Prior behavior was based on the assumption that only one build per cpv would be accessible, but now it's possible to access more that one. All other things being equal, a package with newer BUILD_TIME metadata is preferred. In the case of USE dependencies, a package with different USE flags enabled can be selected to satisfy the target USE configuration.

> given multiple equivalent sources of data, some decision has to be made as
> to which value to prefer.  before the aforementioned commit (from Mar 2015),
> the ordering was based on the repo (hence the PORTAGE_BINHOST ordering
> controlled).  since that commit, it was changed to (i think) last build time
> wins regardless of PORTAGE_BINHOST order.

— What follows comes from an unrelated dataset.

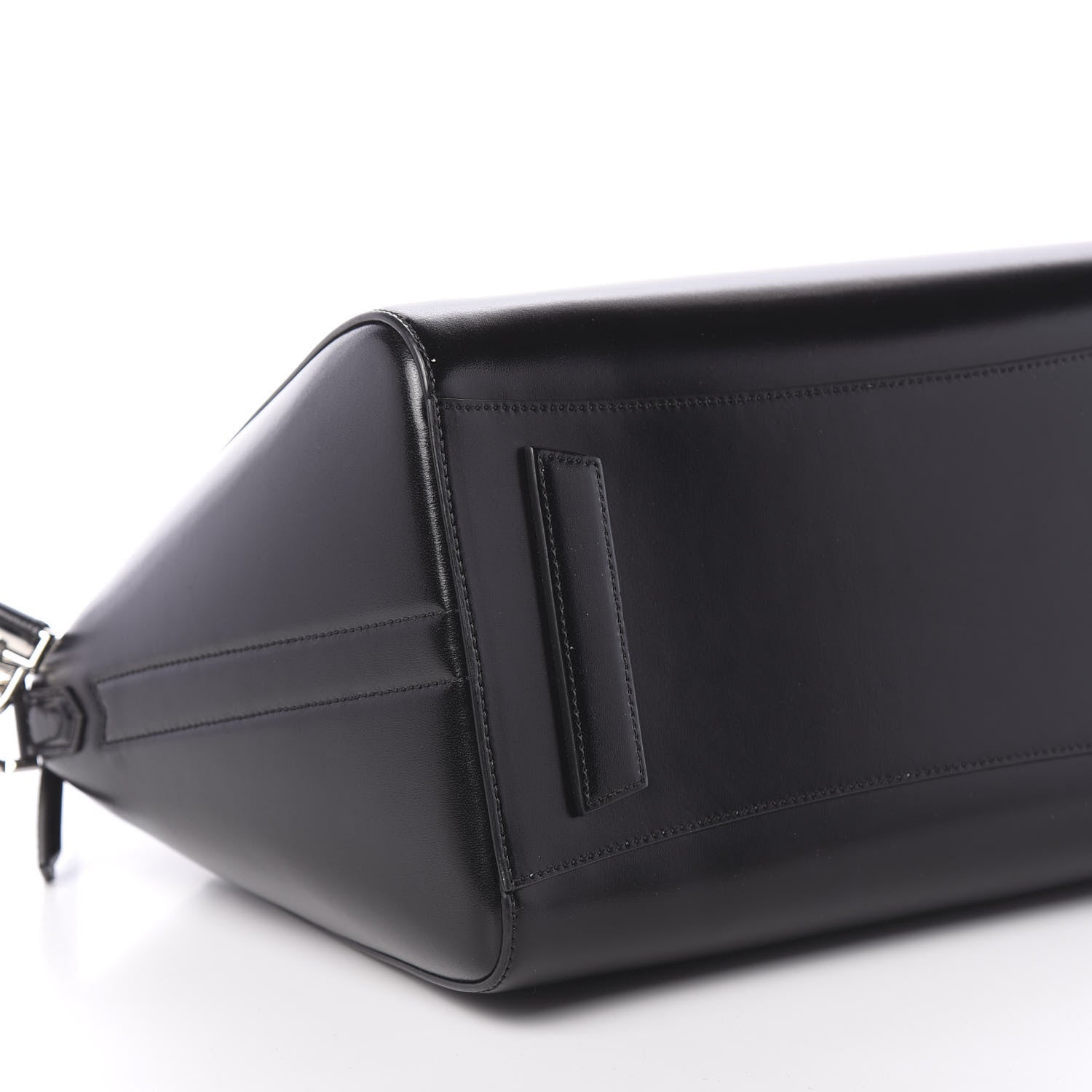 Givenchy Shiny Lord Calfskin Medium Antigona Black 10 of 11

BUILD_TIME only matters if all other things are equal. That could be overridden by USE configuration, built slot operator dependencies which indicate a link to a specific slot, and also soname dependencies you use --getbinpkgonly together with --ignore-built-slot-operator-deps=n.

> CrOS has been relying on the historical behavior -- PORTAGE_BINHOST order
> dictates when all other settings match.  i guess you could add a FEATURE to
> select between PORTAGE_BINHOST ordering and timestamp ordering.  but i think
> restoring to the "original" behavior makes sense here and see what request
> comes up next.

As noted above, there's much more than binhost order and build time, there's also USE, built slot operator deps, and soname deps.

> do we have a good source of user-facing documentation and expected behavior
> ?  the make.conf.5 man page is fairly light (it likes to refer the reader to
> another section, and that other section tends to just redirect as well). 
> perhaps it'd warrant creating a dedicated page for just this topic that
> would correlate all the different knobs in one place.

Yes, additional documentation would be very helpful.
Comment 8 Zac Medico gentoo-dev 2018-02-16 21:55:58 UTC
(In reply to Zac Medico from comment #7)
> and also soname dependencies you use
> --getbinpkgonly together with --ignore-built-slot-operator-deps=n.

I mean --getbinpkgonly together with --ignore-soname-deps=n.
Comment 9 SpanKY gentoo-dev 2018-02-23 17:21:25 UTC
sure, i grok that when other metadata matches better (USE/CHOST/etc...), those are preferred regardless of ordering.

i think in our case, it's the BUILD_TIME mucking things up.  we have bots that produce "better" binpkgs, but at a slower pace than the other builders.  we've been relying on the ordering here to make it work.  that's the part where we want to level, at least temporarily if we can figure out a better way of generating the binhosts.